Abstract
Objective
To compare the humoral response after severe acute respiratory syndrome coronavirus 2 (SARS-CoV-2) infection in patients with multiple sclerosis (MS) receiving different disease-modifying treatments (DMTs).
Methods
Patients with MS with coronavirus disease 2019 (COVID-19) and available anti–SARS-CoV-2 serology were included. The primary endpoint was the anti–SARS-CoV-2 immunoglobulin G (IgG) index. The multivariate analysis was adjusted for COVID-19 severity, SARS-CoV-2 PCR result, and the time between COVID-19 onset and the serology.
Results
We included 61 patients with available IgG index. The IgG index was lower in patients with fingolimod or anti-CD20 monoclonal antibodies compared with patients without treatment (p < 0.01), patients with interferon β-1a or glatiramer (p < 0.01), and patients with another DMT (p = 0.01). The IgG index was correlated with the time between COVID-19 onset and serology (r = −0.296 [−0.510; −0.0477], p = 0.02).
Conclusions
Humoral response after COVID-19 was lower in patients with MS with fingolimod or anti-CD20 mAb. These patients could therefore be at risk of recurrent infection and could benefit from anti–SARS-CoV-2 vaccination. The humoral response after vaccination and the delay before vaccination need to be evaluated.
Classification of Evidence
This study provides Class IV evidence that patients treated with fingolimod or anti-CD20 monoclonal antibodies for MS have a lower humoral response after COVID-19 compared with patients without DMTs or with another DMTs.
Since 2019 and the pandemic outbreak of severe acute respiratory syndrome coronavirus 2 (SARS-CoV-2) and the related disease (coronavirus disease 2019 [COVID-19]), physicians have been particularly concerned about patients with multiple sclerosis (MS) on disease-modifying treatments (DMTs), especially those with anti-CD20 monoclonal antibodies, such as ocrelizumab or rituximab.1,2 Indeed, patients with rituximab, ocrelizumab, or fingolimod had a higher risk of infection and a reduced humoral response to vaccines.3,4
The objective of our study was to analyze the humoral response after SARS-CoV-2 infection according to different DMTs.
Methods
Patients
Patients from MS centers in Alsace (France) were included prospectively in the French registry of COVID-19 in patients with MS or neuromyelitis optica spectrum disorder (NCT04355611, approval from the ethics committee of Sorbonne University #CER-2020–19).

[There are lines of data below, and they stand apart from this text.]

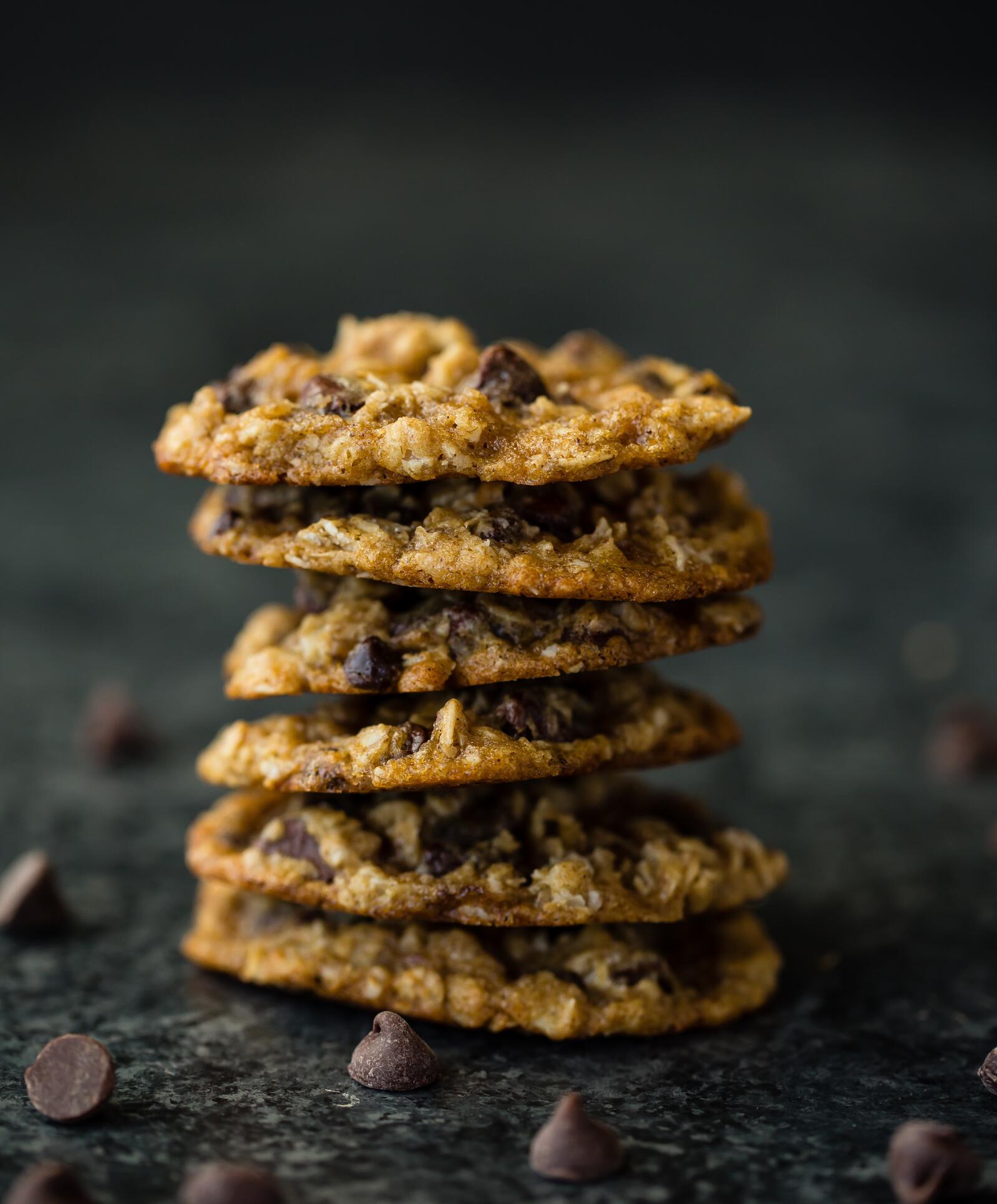 Бесплатное фото Овсяные печенья с кусочками шоколада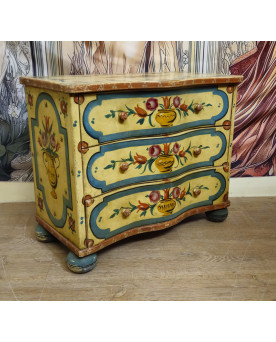 Le village de 58 brocanteurs - Commode peinte, galbée style Louis XV Vénitien – époque XXeme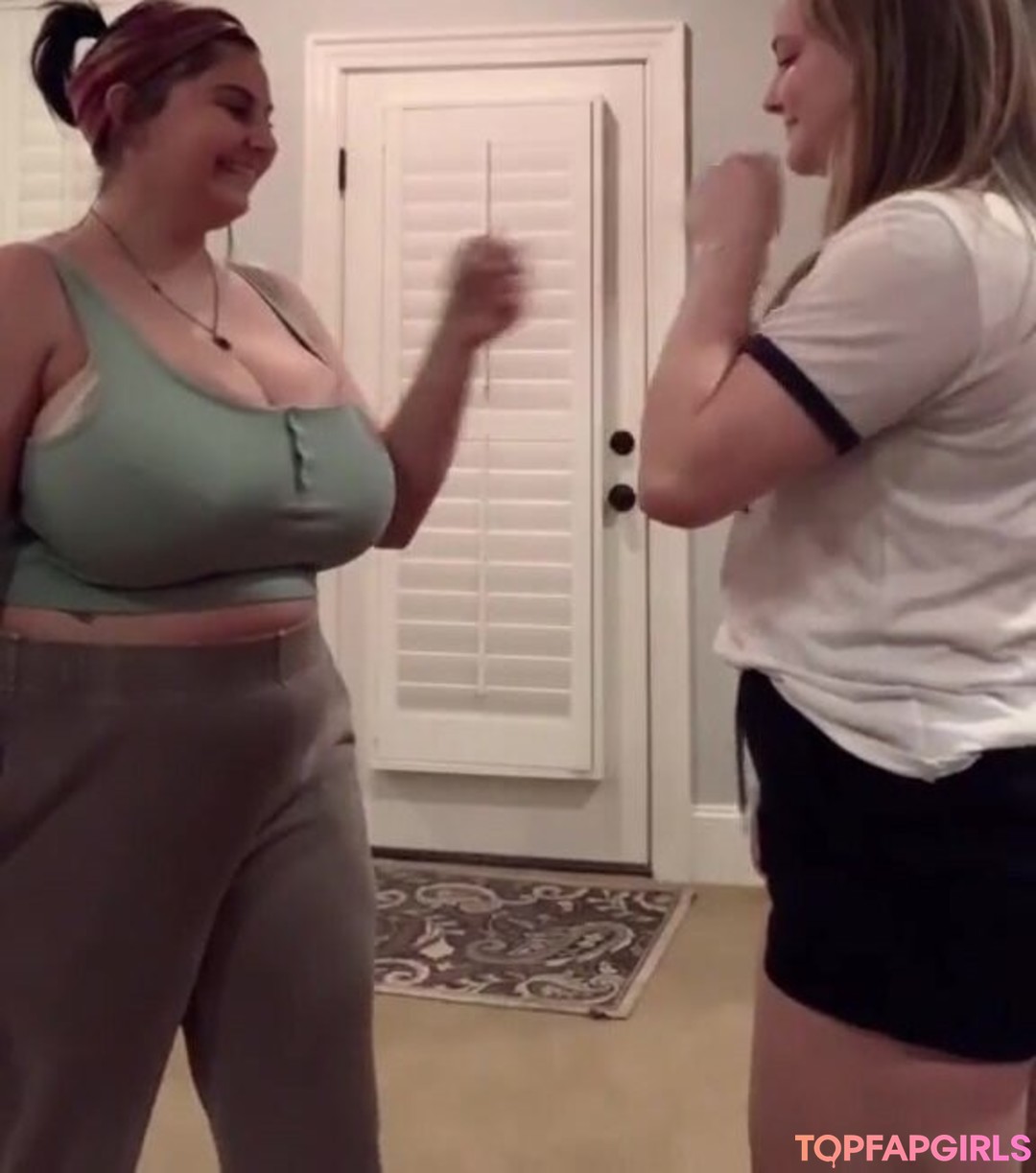 Foto desnuda filtrada de OnlyFans de Caroline Casbon #202 Foto desnuda filtrada de OnlyFans de Caroline Casbon #202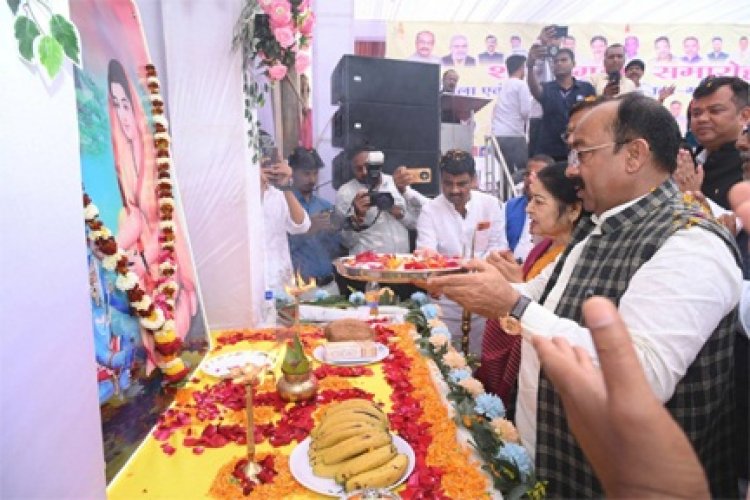 उप मुख्यमंत्री अरुण साव जिला एवं तहसील साहू संघ के शपथ ग्रहण समारोह में हुए शामिल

COVID-19 diagnostic criteria were positive SARS-CoV-2 PCR on nasopharyngeal swab, thoracic CT abnormalities suggesting of COVID-19 (ground-glass opacities), rapidly evolving anosmia or ageusia without rhinitis or nasal obstruction, or COVID-19 typical symptoms (association of cough, fever, and asthenia) in an epidemic zone of COVID-19.
Data
Collected data were age, sex, Expanded Disability Status Scale (EDSS) score, DMT, comorbidity, date of COVID-19 onset, results of SARS-CoV-2 PCR, COVID severity, and date and results of SARS-CoV-2 serology.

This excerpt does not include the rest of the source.